Les morts n'auront jamais la paix avec elle.
Elle ouvre la fenêtre déglinguée du bureau en douce, celle qui s'effrite sur le jardin désormais troué par les chiens, l'odeur, celle que vous voulez, qu'importe, reste dans les cheveux, le regard bat froid les premiers regains du printemps.
Elle pourrait imaginer le lilas en fleurs, les hortensias en boutons, non, penses-tu, il fait vide sauf la voix de Suzanne désagréable tant elle siffle lorsqu'elle gueule après ses deux fils pour une broutille, tant elle captive lorsqu'elle leur lit Camus ; toute l'Algérie avant, après Napoléon - non, pas Bonaparte, mon crétin chéri, un autre- défile avec les ports, les bleds, le désastre, la stupidité sanglante.
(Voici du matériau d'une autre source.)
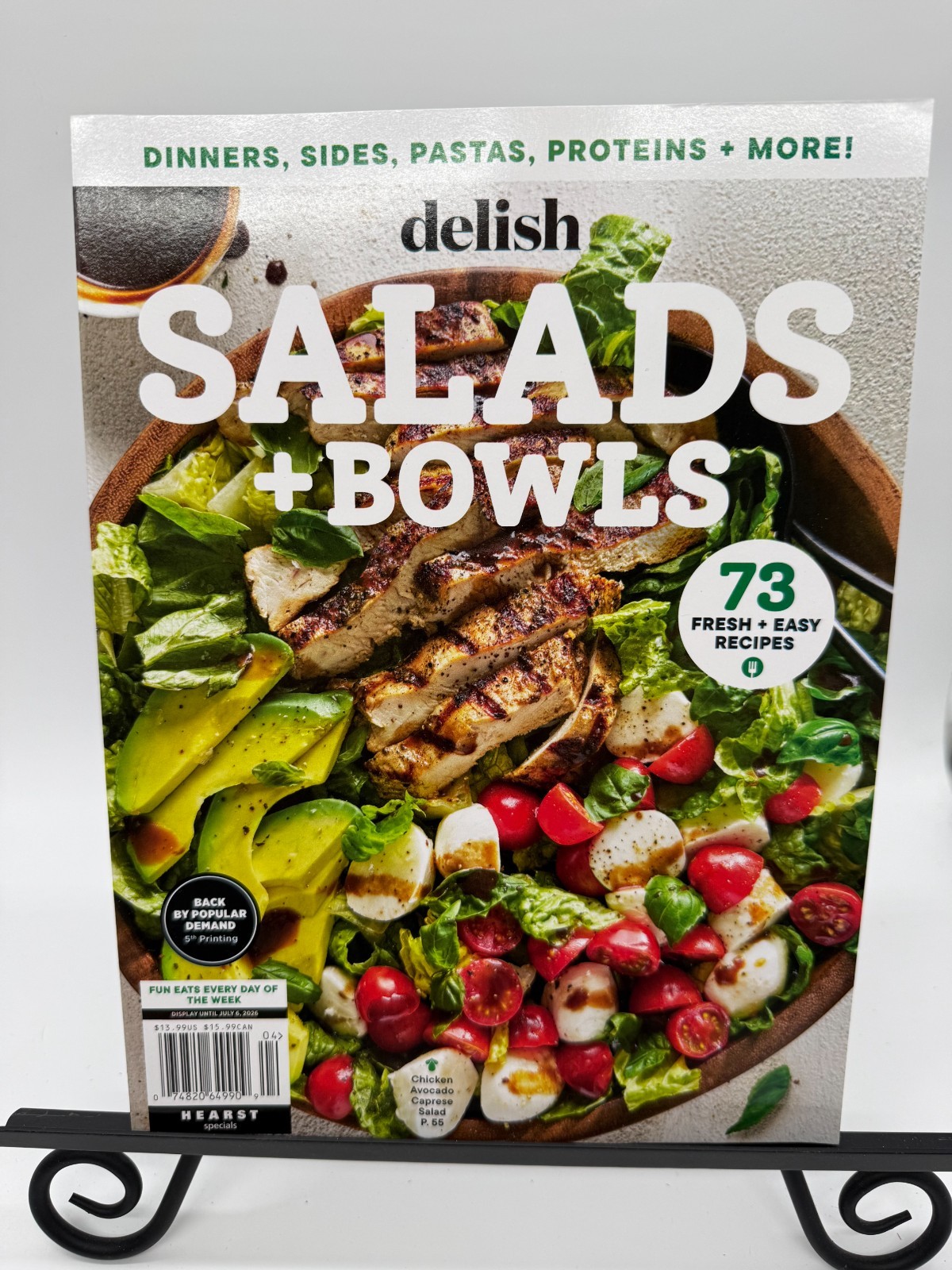 Delish Salads + Bowls 2026 Special Magazine 73 Easy Recipes July 2026 New Delish Salads + Bowls 2026 Special Magazine 73 Easy Recipes July 2026 New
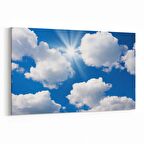 Olla 15700Y Gökyüzü Bulut Görseli  Yatay Kanvas Tablo (Ölçü: 90X60)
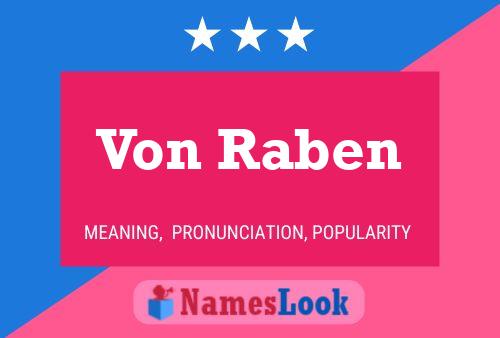 ملصق اسم Von Raben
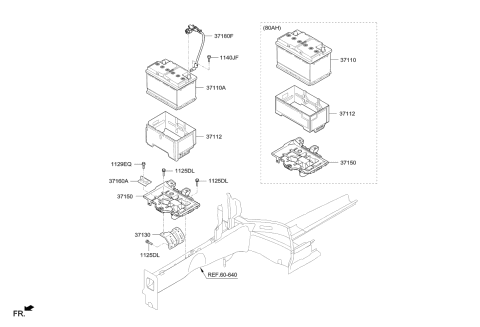 2016 Kia Optima Battery & Cable Diagram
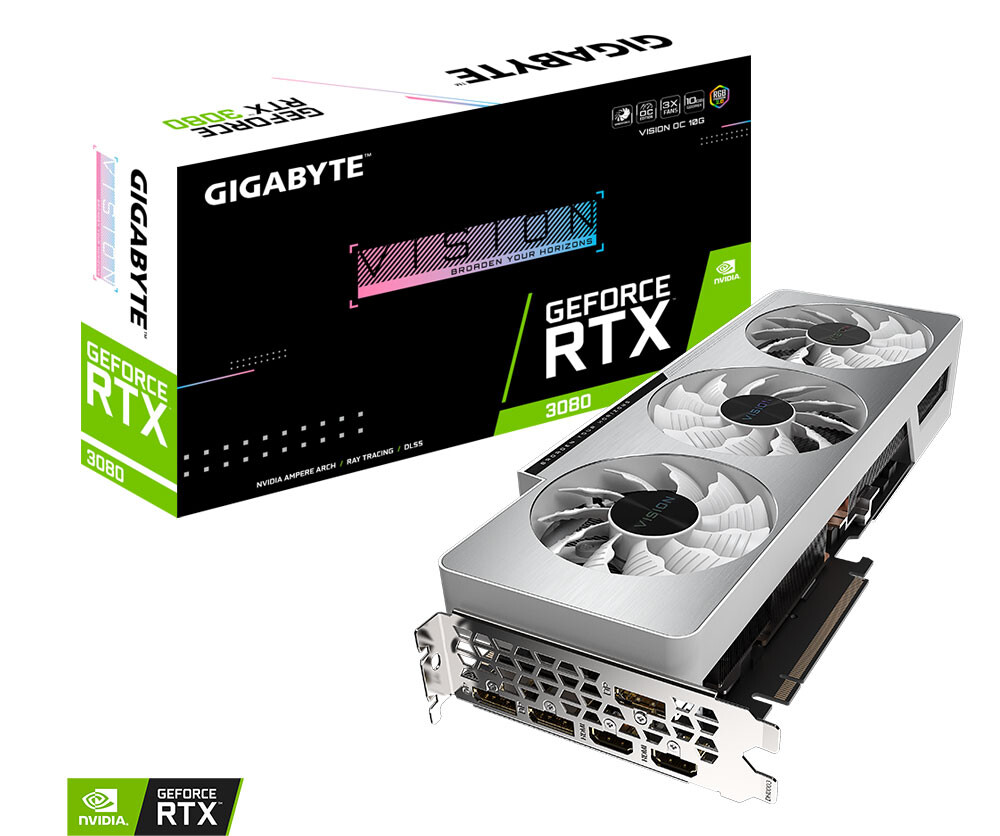 شركة GIGABYTE تعلن عن بطاقة GeForce RTX 3080 VISION OC لهواة التصميم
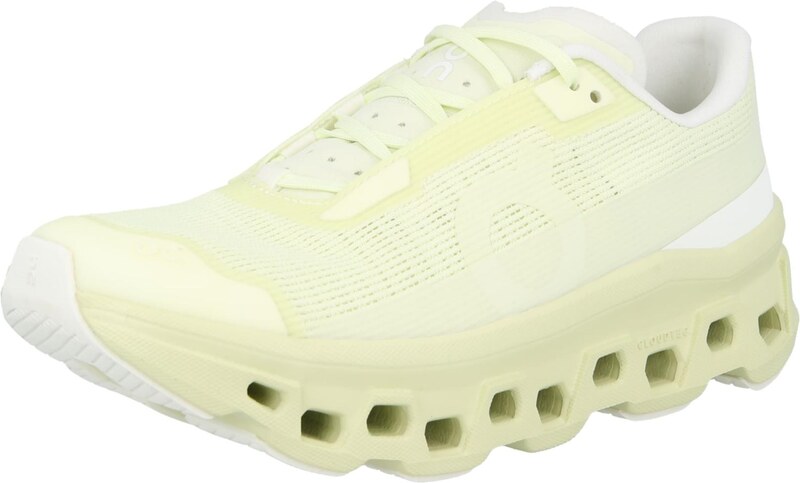 On Skriešanas apavi 'Cloudmonster Void' gaiši dzeltens / balts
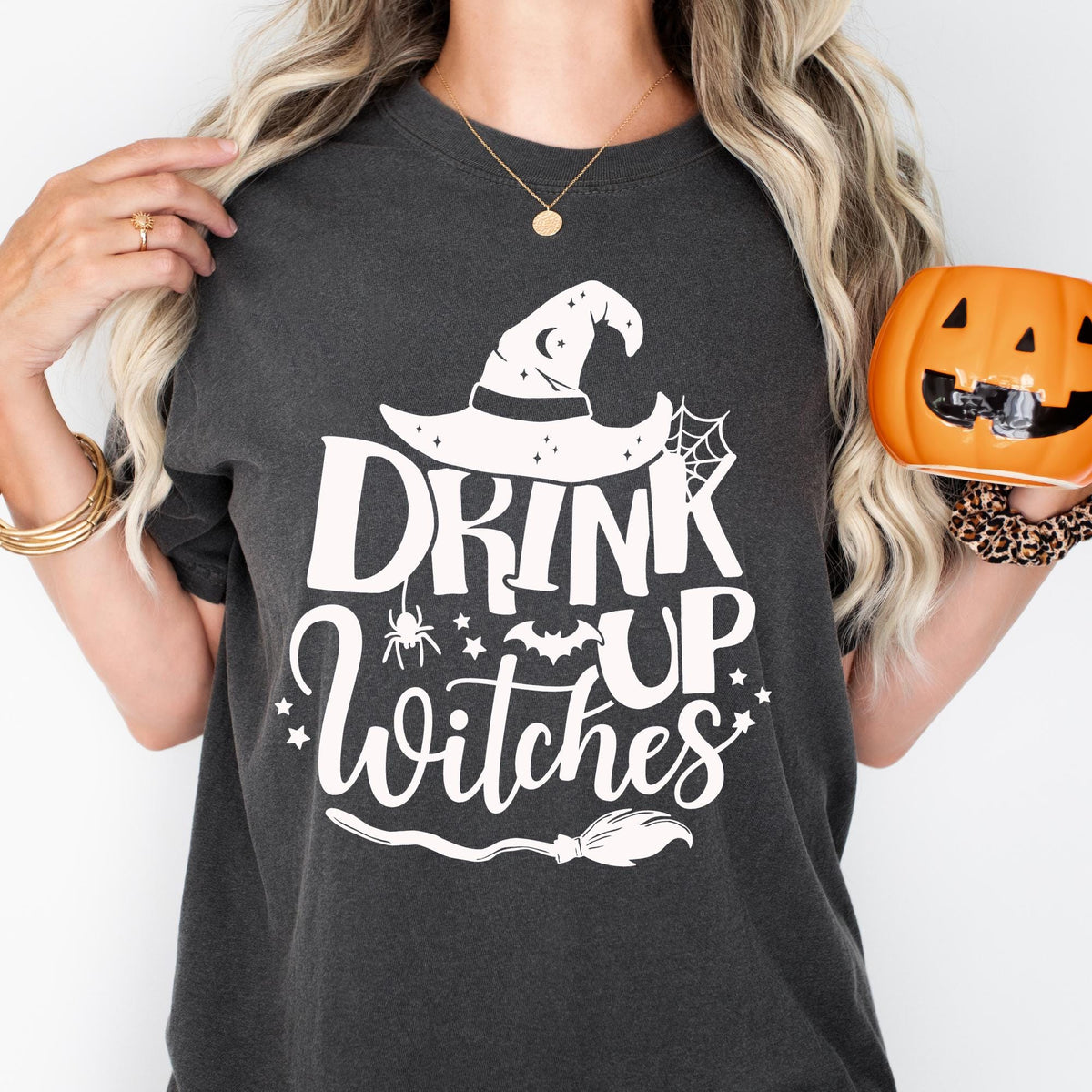 Comfort Colors® Drink Up Witches Shirt, Halloween Party Shirt, Halloween Gift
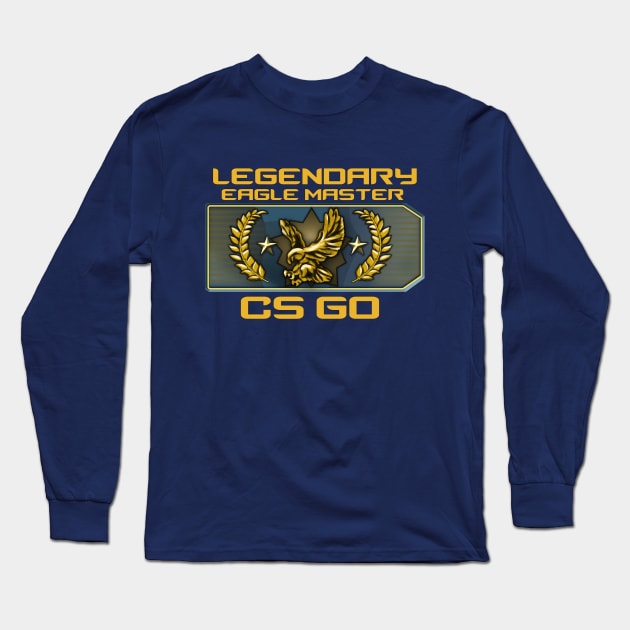 LEGENDARYEAGLEMASTER Long Sleeve T-Shirt by PjesusArt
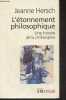 "L'étonnement philosophique (Une histoire de la philosophie) - ""Folio essais"" n°216". Hersch Jeanne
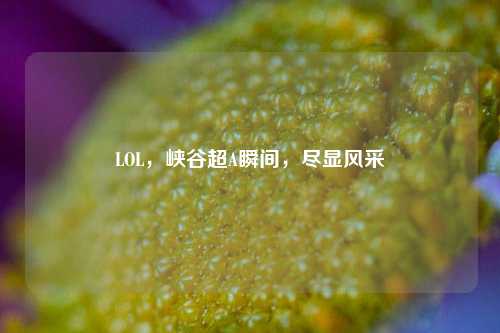 LOL,峡谷超A瞬间,尽显风采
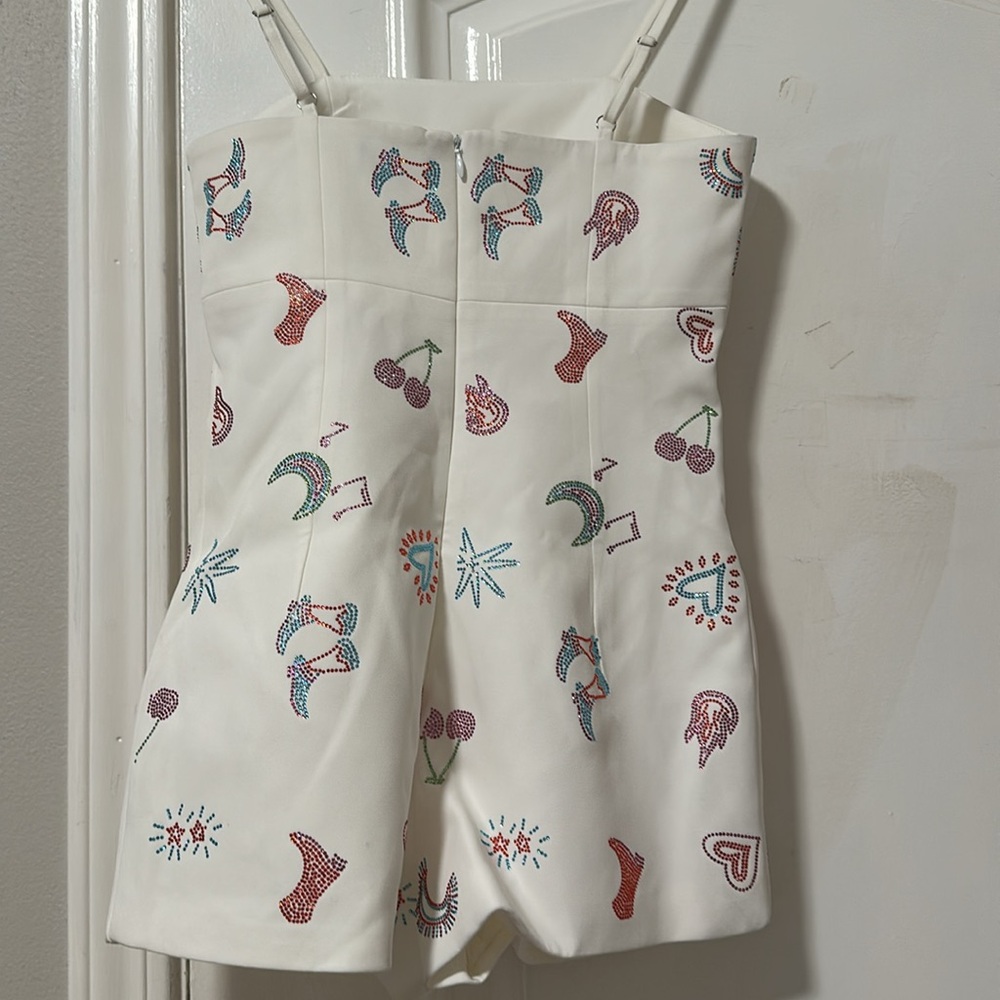 premium diamante western tailored romper - Picture 6 of 11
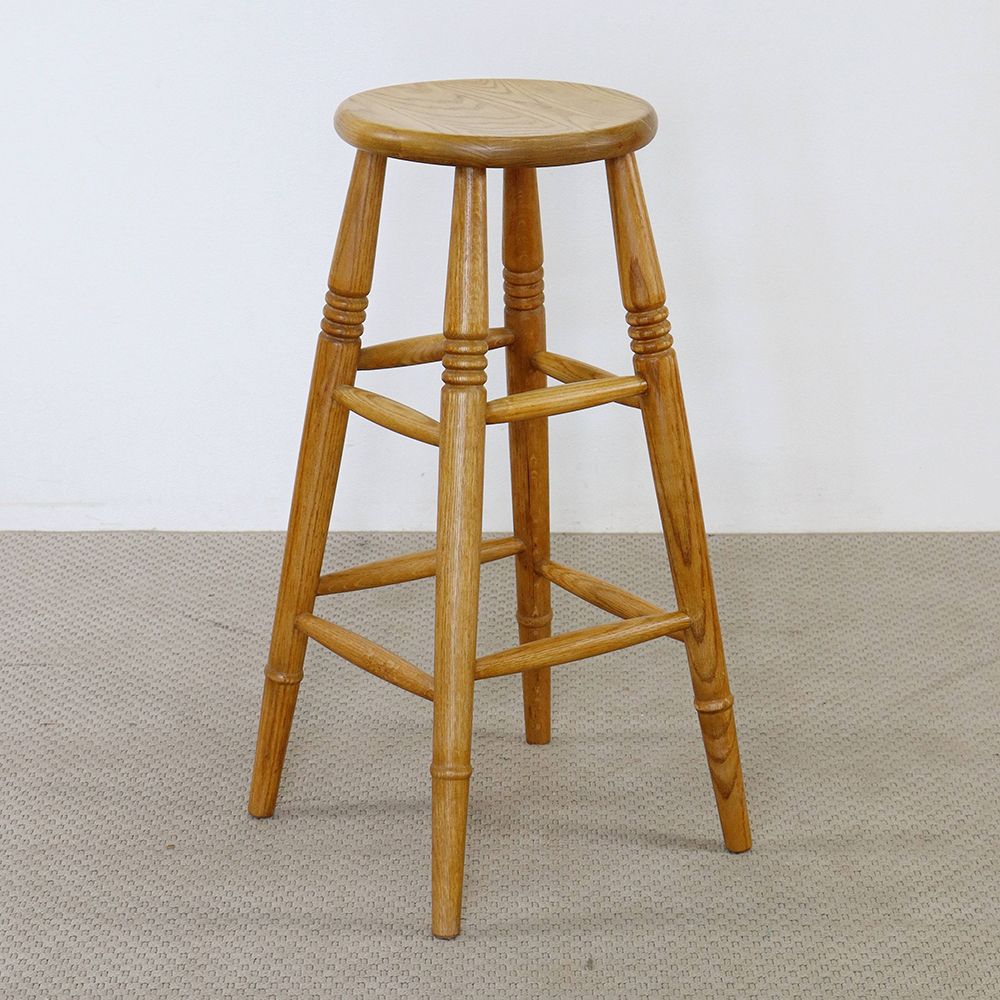 受注生産品】当店オリジナル・ハイスツール ナチュラルカラー OL-HS01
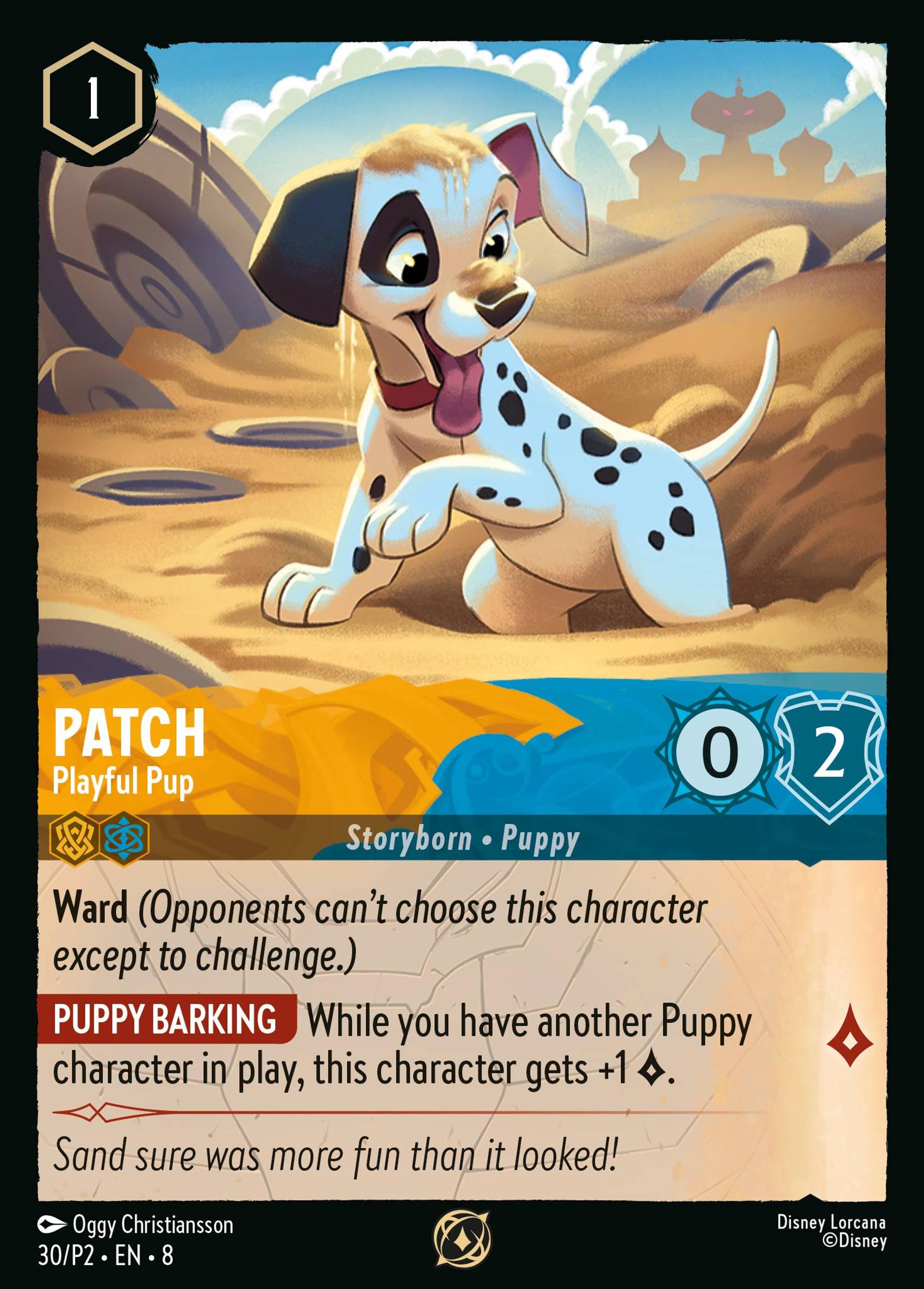 Patch - Playful Pup — Promos - Year 2 — Lorcana
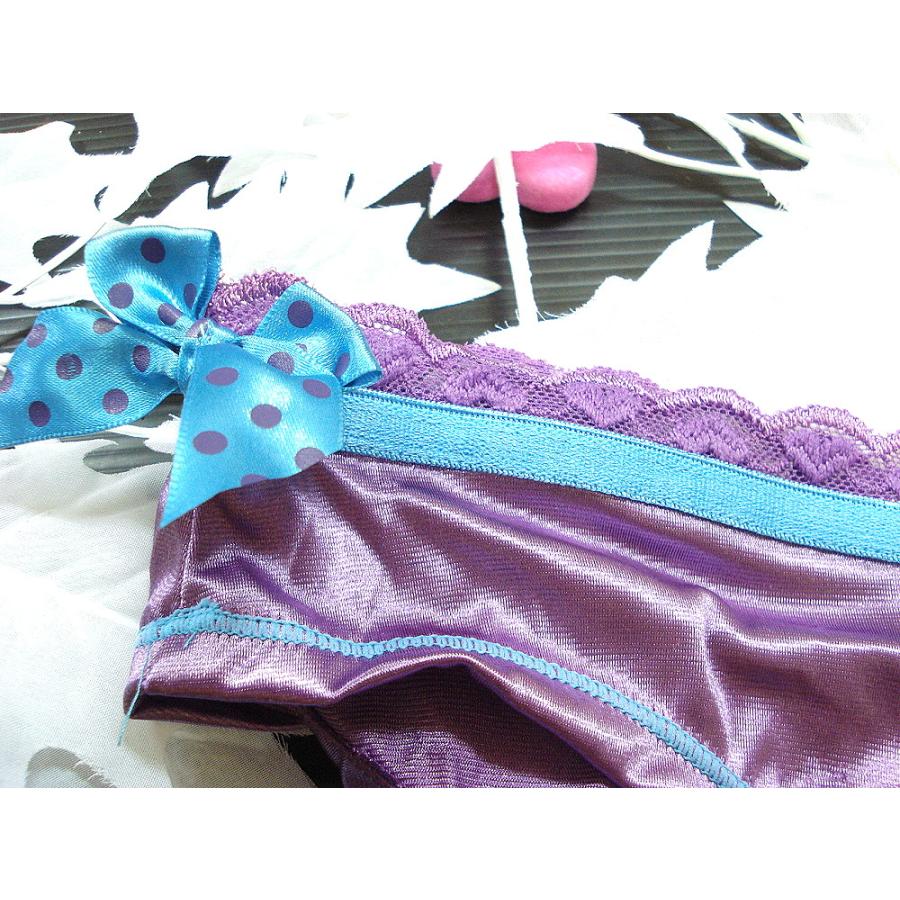 USAインポート ランジェリー ショーツのみ ハート型シースルー レディース サテン デート下着 パンツ /wob030 |  | 18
Suzanne parle haut d'Abane Ramdane et de la poésie de Frantz Fanon.
Dans le jardin, il fait boueux, et jamais un plan de coriandre n'a été planté du temps de Suzanne. Les bougainvilliers sont restés chétifs, la menthe a résisté uniquement pour son odeur pas pour le thé. A mettre à sac la maison, elle ne trouve aucune trace tangible de Suzanne. Seule la voix de celle-ci, dévastatrice, parcourt la Méditerranée sans soupirer avec une inflexion qui encourage les deux garçons à élargir leur visage sur l'oreiller. Suzanne parle droit et endort ses fils.
... Il était une fois une femme qui avait désappris à rouler la graine, à écraser les filaments de safran, une fillette qui était devenue sourde à force d'entendre des cris dans la cave, on lui disait c'est normal, c'est la dame blanche qui punit les méchants, et méchante avec de gros yeux embués elle avait grandi d'un coup, de sourde les bras lui en étaient tombés, oui, c'est pour ça qu'elle ne pouvait plus cuisiner. Tous ses membres mutilés avaient migré dans sa tête qui, énorme, menaçait d'exploser car elle avait aussi engrangé trop de recettes, de visions, de cris en sous-sol, de livres, de sable, de salves... Aucun chapeau ne lui allait, et l'adolescente devenue fut surnommée Suzanne La Malcoiffée. Ca lui convenait, elle n'entendait pas. A seize ans elle rencontra Sylvain sur le bateau en goguette hâtive pour la métropole. Ils eurent deux garçons...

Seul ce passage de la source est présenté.